According to Francis Nevins, this is Ellery Queen’s first short story to include a dying clue, that is, a clue left by the victim as immediately before death as possible. Here, the victim, an artist, painted a beard on a woman in a copy he was rendering of Rembrandt’s The Artist and His Wife, thus telling the world, “find the man cross-dressing as a woman, and you will find the person who murdered me.”
Believe it or not, back in 1934, some heterosexual men found themselves sexually insecure, or even threatened, around cross-dressers. This shows up full tilt in The Bearded Lady, or The Sinister Beard, as it was called when it originally appeared in the August, 1934 issue of Mystery.

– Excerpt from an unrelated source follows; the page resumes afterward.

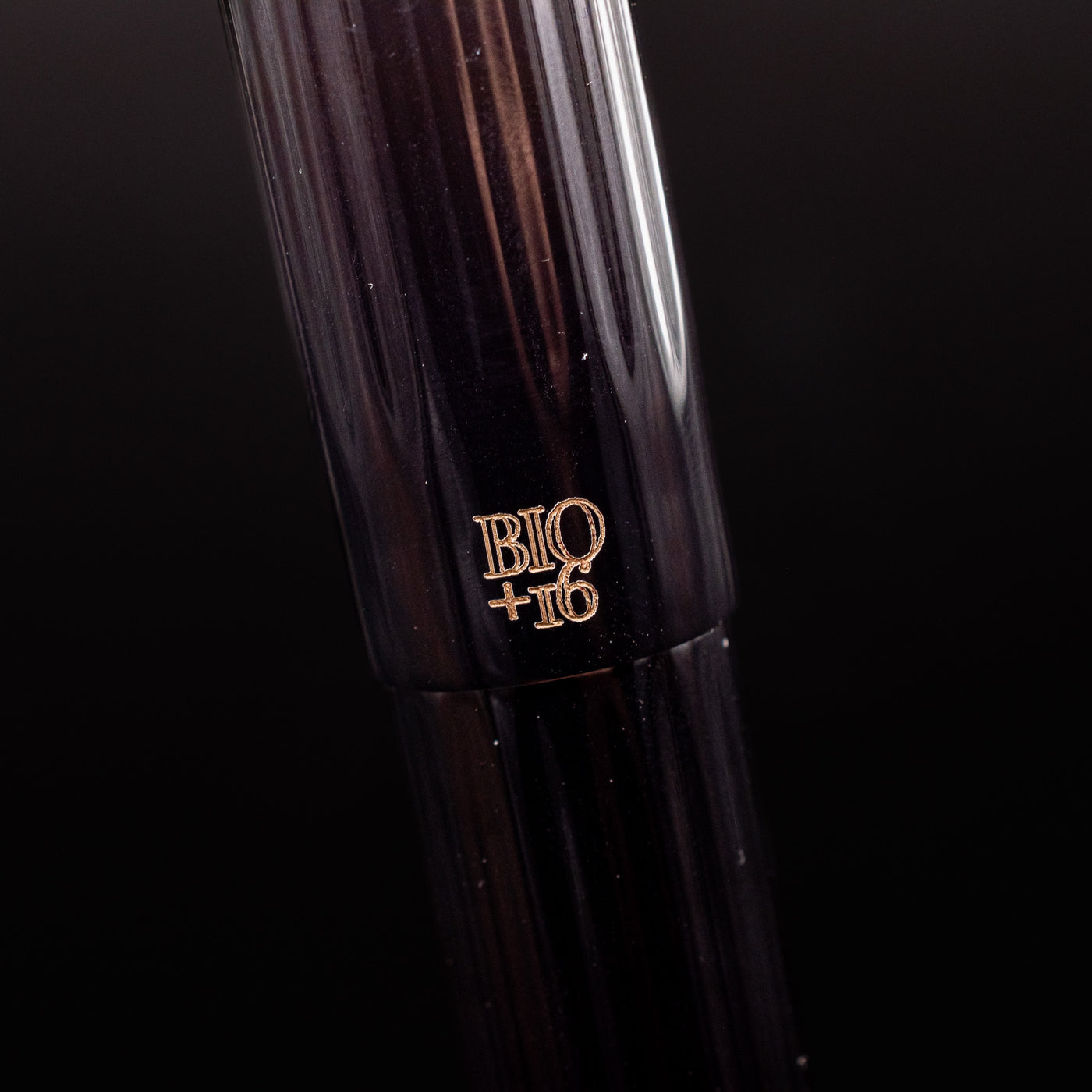 Delta Bio+16 Nera Fountain Pen - 14k Gold Nib logo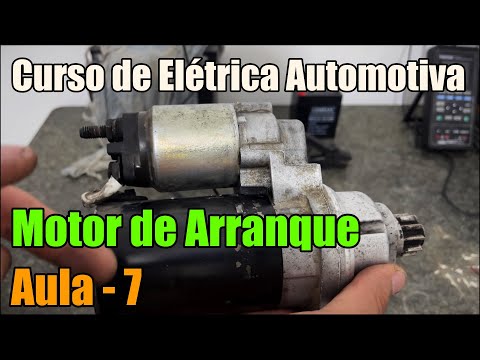 Tudo Sobre Motor de Arranque na Prática - Curso de Elétrica Automotiva - Aula 7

First, of interest, is the use of the word “wench.” I do not recall it being used in any of the cousins other writings, but here it is, twice. In the opening paragraphs, Ellery compares life, and himself, to a “Spanish wench.” I’ll spare you the details. Further on, a Long Island detective refers to another character, the one who found the corpse, as a “Nice wench, by God!” Without breaking dialogue, he immediately goes on to say there are no alibis. blah, blah blah. Throughout the story, the writers go severely out of their way to support Ellery’s heterosexuality with an obsessive observance of women as sexual objects.
Each time a female character is introduced, her attractive physical traits are mentioned, even if they have been mentioned before. For instance, at one point in the story, smokes billows from a room, fire is assumed, pandemonium ensues as the characters, confused, try to make sense of what is happening. How is this scene described? What is highlighted? Here you go:
Thick smoke was curling about her slender ankles, and the moonlight
shining through the corridor-window behind her silhouetted her long
plump trembling shanks through the thin nightgown.
Aren’t we all glad we do not live in such an age of heightened sexual insecurity?
That’s right, you pointed it out right. But – anyway – this puzzle-mystery is first-class, maybe the better, in my opinion, of the whole volume “The adventures of EQ”.